The staff at Her Majesty’s Prison at Richmond Hill, St. George has been increased by another forty-five young men and women following a Passing out Parade last Thursday at Camp Salines in the south of the island.
The newly recruited prison officers were trained by members of the Royal Grenada Police Force (RGPF) and received three months of rigorous training and exercises.
Held under the theme, “Discipline and Commitment – The Key to Correctional Excellence”, the passing out ceremony was held under the patronage of Commissioner of Police, Winston James, and Commissioner of Prisons, Assistant Superintendent of Police (ASP), John Mitchell.
Minister of State with responsibility for Disaster Management and Information, Senator Winston Garraway was also present.
The training programme was based on a new standard created for Custodial Security, Level 2 NVQ, together with other elements introduced by the Police Training School.

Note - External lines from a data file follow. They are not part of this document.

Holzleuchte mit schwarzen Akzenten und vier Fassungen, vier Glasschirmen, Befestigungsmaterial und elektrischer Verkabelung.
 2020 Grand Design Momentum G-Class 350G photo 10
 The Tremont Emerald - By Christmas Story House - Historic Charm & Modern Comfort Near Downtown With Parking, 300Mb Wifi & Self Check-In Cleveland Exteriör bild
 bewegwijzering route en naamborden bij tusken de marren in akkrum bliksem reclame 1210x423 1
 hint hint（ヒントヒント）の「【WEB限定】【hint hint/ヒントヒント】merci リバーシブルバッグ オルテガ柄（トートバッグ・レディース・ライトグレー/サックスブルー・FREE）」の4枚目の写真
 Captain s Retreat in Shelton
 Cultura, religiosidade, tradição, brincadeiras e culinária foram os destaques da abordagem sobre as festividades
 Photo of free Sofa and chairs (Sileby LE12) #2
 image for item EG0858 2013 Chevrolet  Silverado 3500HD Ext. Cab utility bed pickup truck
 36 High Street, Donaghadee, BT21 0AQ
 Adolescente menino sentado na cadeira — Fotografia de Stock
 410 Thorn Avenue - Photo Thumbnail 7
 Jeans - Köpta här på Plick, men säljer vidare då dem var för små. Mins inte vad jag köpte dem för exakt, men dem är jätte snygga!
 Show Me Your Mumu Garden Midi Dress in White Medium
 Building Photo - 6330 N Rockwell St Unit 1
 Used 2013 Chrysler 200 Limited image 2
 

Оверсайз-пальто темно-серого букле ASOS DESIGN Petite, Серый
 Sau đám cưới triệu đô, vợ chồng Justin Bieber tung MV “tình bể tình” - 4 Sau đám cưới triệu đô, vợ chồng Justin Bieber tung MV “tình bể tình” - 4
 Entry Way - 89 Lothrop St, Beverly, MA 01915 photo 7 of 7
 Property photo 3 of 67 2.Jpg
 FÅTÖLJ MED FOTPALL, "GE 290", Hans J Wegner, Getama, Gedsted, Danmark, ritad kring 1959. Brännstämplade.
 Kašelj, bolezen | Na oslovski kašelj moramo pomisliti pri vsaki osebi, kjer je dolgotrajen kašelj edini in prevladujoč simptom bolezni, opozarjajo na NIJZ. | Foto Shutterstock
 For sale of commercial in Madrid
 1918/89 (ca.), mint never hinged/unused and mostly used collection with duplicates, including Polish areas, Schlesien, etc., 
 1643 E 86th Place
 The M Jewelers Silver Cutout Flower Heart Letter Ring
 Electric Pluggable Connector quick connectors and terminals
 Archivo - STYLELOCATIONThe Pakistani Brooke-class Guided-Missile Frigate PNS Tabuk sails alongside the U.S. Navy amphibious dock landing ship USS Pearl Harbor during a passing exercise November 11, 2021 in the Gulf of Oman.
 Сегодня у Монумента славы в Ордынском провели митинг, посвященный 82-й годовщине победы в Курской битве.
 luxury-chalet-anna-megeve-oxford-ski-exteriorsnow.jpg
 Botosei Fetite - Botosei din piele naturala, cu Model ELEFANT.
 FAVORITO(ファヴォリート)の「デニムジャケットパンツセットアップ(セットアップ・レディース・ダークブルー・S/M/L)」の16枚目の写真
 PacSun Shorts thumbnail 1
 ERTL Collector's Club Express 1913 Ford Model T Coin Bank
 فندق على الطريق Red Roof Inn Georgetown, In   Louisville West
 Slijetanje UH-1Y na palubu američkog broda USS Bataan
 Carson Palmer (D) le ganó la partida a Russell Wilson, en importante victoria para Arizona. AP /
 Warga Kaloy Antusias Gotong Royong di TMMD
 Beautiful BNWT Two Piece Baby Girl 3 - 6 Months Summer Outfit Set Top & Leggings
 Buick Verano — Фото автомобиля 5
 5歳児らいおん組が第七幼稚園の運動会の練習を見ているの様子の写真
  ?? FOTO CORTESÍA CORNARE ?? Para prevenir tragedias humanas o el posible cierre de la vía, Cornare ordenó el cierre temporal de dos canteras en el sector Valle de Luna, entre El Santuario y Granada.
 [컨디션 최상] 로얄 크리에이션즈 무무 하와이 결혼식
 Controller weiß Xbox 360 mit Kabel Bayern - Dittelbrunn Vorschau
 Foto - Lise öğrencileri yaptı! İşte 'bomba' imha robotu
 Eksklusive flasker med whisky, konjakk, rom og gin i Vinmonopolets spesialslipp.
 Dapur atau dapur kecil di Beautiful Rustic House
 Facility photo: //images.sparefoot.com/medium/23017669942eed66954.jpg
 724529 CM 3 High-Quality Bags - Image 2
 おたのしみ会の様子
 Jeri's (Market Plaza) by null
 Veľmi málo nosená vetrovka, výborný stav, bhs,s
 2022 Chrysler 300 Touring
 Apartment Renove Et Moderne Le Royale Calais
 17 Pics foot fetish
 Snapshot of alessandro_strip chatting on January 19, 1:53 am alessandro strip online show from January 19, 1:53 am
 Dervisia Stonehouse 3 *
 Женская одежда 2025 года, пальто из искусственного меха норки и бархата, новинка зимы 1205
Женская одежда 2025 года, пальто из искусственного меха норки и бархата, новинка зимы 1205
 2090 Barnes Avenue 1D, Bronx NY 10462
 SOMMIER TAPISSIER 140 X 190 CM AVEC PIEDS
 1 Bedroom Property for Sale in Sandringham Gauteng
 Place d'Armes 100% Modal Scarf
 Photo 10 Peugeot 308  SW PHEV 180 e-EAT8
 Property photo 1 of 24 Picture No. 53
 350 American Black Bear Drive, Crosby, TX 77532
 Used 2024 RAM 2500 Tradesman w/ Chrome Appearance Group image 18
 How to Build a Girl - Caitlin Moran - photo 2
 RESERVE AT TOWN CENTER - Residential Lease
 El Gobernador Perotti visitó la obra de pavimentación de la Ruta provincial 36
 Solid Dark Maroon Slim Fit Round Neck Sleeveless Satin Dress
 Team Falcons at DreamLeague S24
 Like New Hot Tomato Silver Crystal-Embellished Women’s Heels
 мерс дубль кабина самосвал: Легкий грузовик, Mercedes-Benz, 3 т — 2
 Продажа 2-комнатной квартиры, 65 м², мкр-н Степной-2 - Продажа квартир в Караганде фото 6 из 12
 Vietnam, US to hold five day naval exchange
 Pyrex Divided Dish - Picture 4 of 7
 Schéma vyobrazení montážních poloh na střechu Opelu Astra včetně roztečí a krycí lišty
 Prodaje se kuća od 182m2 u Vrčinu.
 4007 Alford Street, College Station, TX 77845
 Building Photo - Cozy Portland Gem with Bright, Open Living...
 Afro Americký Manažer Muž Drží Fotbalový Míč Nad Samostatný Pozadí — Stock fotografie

Commissioner of Prisons, ASP Mitchell encouraged the new officers to be on the alert at all times, as the prison is filled with reformed and non-reformed prisoners.
“From now until the day that you retire, the eyes of inmates, the eyes of your fellow officers and colleagues, the eyes of the general public will be on you. You will be subject to Monday morning quarter backs…you would be subject to 20/20 hindsight vision. Every action you take or you don’t take would be subject to intense scrutiny. This is just a fact of life for you from now on”, he said.
“…You must always remain inquisitive, you must always remain suspicious, you must always remain very thorough in the execution of your functions. If you do not do that, you will be unfit for duty. There are inmates who spend most of their time planning how to destroy the intrinsic values or to degrade the system and processes to penetrate our security. You will encounter the worst of society, those who have committed the most hideous crimes and yet show no signs of remorse. On the contrary, you would encounter fine spirited inmates who have seriously embraced rehabilitation for the reintegration into society. I urge you to know the difference, but one thing is constant, they are all inmates,” he added.
Acting Superintendent of Police, Gregory Mathurine who delivered the Commandment’s Address told the ceremony in his address that the newly trained officers can contribute to the transformation of Her Majesty’s Prison.
He said the recruits were exposed to topics such as the history of the prison, structure of the prison, as well as the role and responsibilities of the various ranks.
According to Mathurine, the recruits were lectured on life skills which is seen as critical “in the transformation and the remodeling and reshaping” of the minds of inmates.
“…I am saying that they (the recruits) must have life skills and as a result communication was a big factor”, he said.
The Commandante also identified interpersonal skills and relationships, as well as personality type, conflict management as critical areas that were focused upon as part of the training regime.
He stated that one of the critical factors that help de-motivate and bring “our fellow officers into problems is how they manage their monies and (it was) also included in this programme (as) an aspect of financial management”.
Junior Officer, Nike Baptiste delivered the Valedictorian address on behalf of the 45 inmates and looked back at the time spent at the training school.
He said: “Today we acknowledge the people we met, reflect on the lessons we learnt, remember the tears and the laughter and the memories that we created during our stay at the training school as junior officers.
“We remember these experiences as for some of us, it was our first time being on our own away from our parents and loved ones…”, he added.
Baptiste pointed out that “a deep sense of fear ate the pit of our stomachs” and that “the fear of failure, the fear of the unknown and the fear of the future” often times occupied the minds of the recruits.
However, he said that the newly enlisted prison officers were well trained to take on the responsibilities that lie ahead.
“…We have what it takes to push boundaries and to effect positive change at Her Majesty’s Prison in whatever small measures as we serve, protect and rehabilitate…”, he remarked.
In the special awards section Baptiste received the highest award – the Baton of Honour while Tomica George ended up with the award for Highest Aggregate, and the Best Turned Out Female prize was awarded to Krystal George who was also recognised as Best at First Aid and Best at Drills.
The Best turned out male was Dwayne Modeste, Best Female at Physical Training went to Shemica Roberts while Best Male at Physical Training was adjudged to be Christon Courtney.